Tristan Tzara e gli esordi del Cut up
- Il Fruscio delle Parole
 - 3 mar 2023
 - Tempo di lettura: 1 min
 
Aggiornamento: 5 giu 2023
a cura di Anna Rampini
Le parole giocano nella nostra testa.
Scrivere significa assemblare e cucire frammenti di idee, componendo sintagmi di senso compiuto.
Può avvenire che si scelga deliberatamente di “tagliare” queste parole. In questo modo il gioco sintattico diventa una realtà insensata.
Il poeta dadaista Tristan Tzara (16 aprile 1896 – 25 dicembre 1963) per primo intuì che le parole potevano vivere in maniera autonoma, acquisendo addirittura nuovi significati.
Tzara sperimentò questa sua intuizione a un raduno di artisti dadaisti.
Si presentò con un cappello ricolmo di parole, scritte su foglietti mescolati a caso, e chiese di estrarne alcune per comporre, lì sul momento, un poema.
Questi furono gli esordi della tecnica in seguito nota come “cut-up”.
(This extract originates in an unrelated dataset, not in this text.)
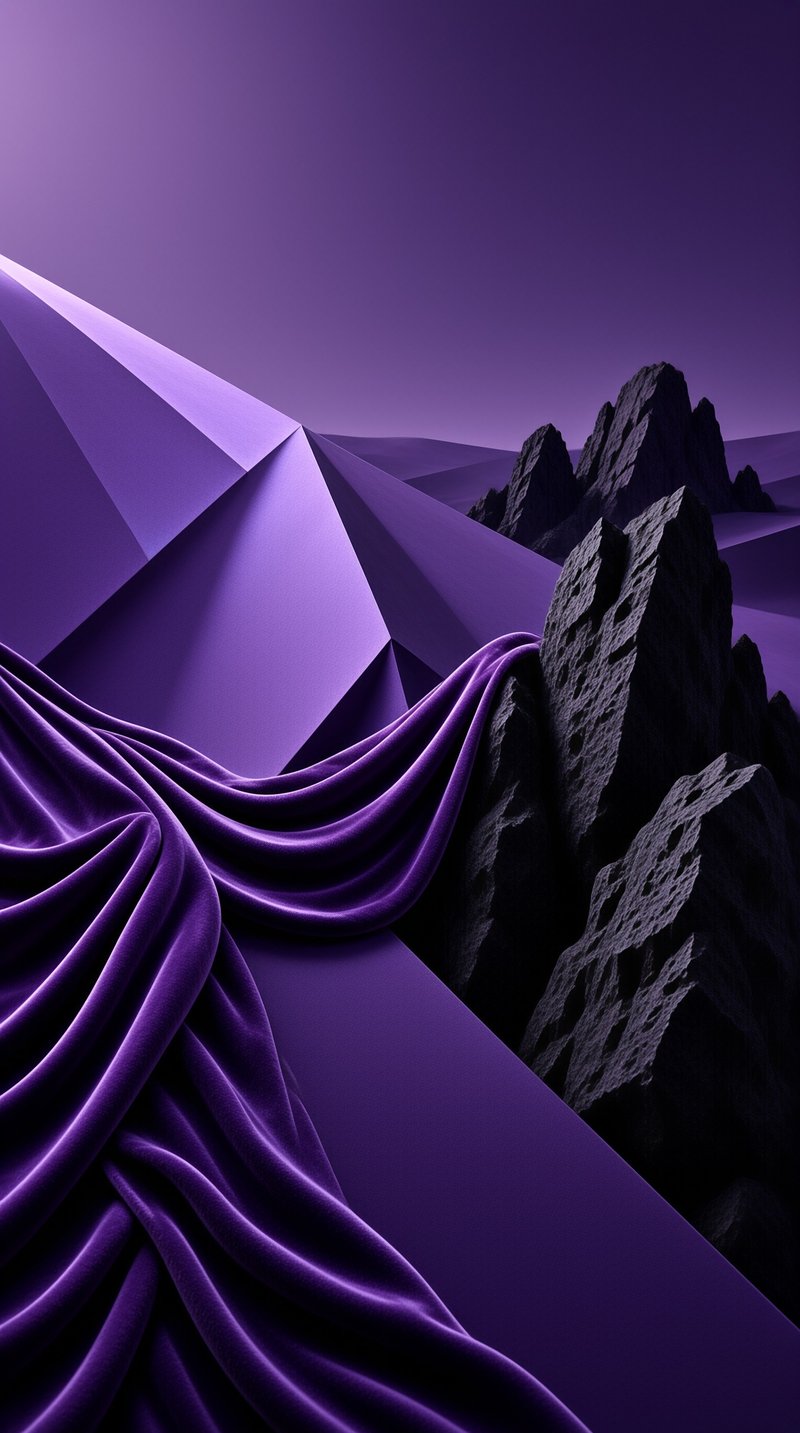 Jagged dark rocks rise beside smooth angular purple hills where silky purple cloth flows across the ground.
Nel Manifesto sull’amore debole e l’amore amaro, letto a Parigi il 12 dicembre 1920 e pubblicato nel 1921, si legge la “ricetta” per fare una poesia dadaista.
Prendete un giornale.
Prendete un paio di forbici.
Scegliete nel giornale un articolo che abbia la lunghezza che voi desiderate dare alla vostra poesia.
Ritagliate l’articolo.
Tagliate ancora con cura ogni parola che forma tale articolo e mettete tutte le parole in un sacchetto.
Agitate dolcemente.
Tirate fuori le parole una dopo l’altra, disponendole nell’ordine con cui le estrarrete.
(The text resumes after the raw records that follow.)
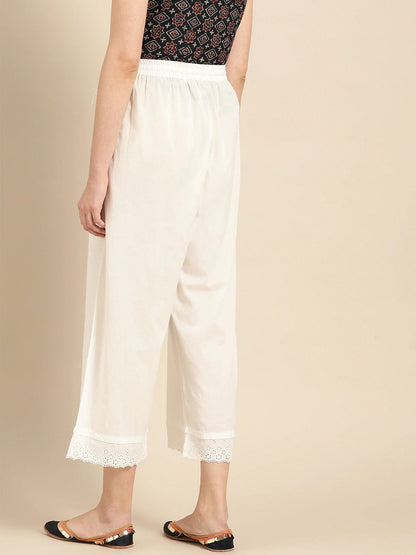 Women's White Schiffli Hem Design Straight Cropped Palazzos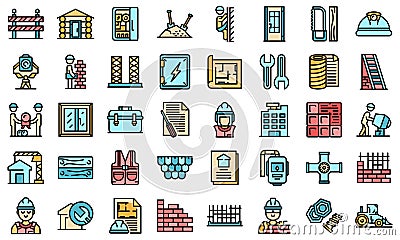 Builder icons set vector flat Stock Photo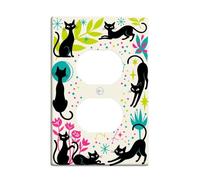Plaque de protection pour prise de courant duplex moderne du milieu du | Style moderne du milieu du siècle, silhouettes de chat, accents de bonbons atomiques, motifs floraux vibrants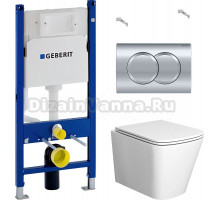 Комплект Унитаз подвесной Bauedge Bau Stil белый, безободковый, с микролифтом + Инсталляция Geberit Duofix Delta 458.149.21.1 с кнопкой смыва, хром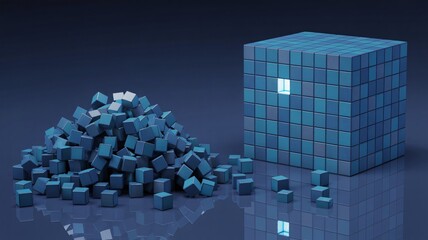 Structured data cube glows with one bright light against pile of loose blocks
Copiatele coscienziosamente.
La poesia vi rassomiglierà.
Ed eccovi diventato uno scrittore infinitamente originale e fornito di una sensibilità incantevole, benché, s’intende, incompresa dalla gente volgare.
Altri poeti si ispirarono alle innovazioni stilistiche e concettuali di Tzara e del dadaismo.
Nell’America degli anni ’50, nel cuore della beat generation, l’autore che più di tutti prese a piene mani la tradizione avviata dai dadaisti fu William S. Burroughs, il quale elaborò una tecnica di scrittura creativa che prese il nome di cut-up.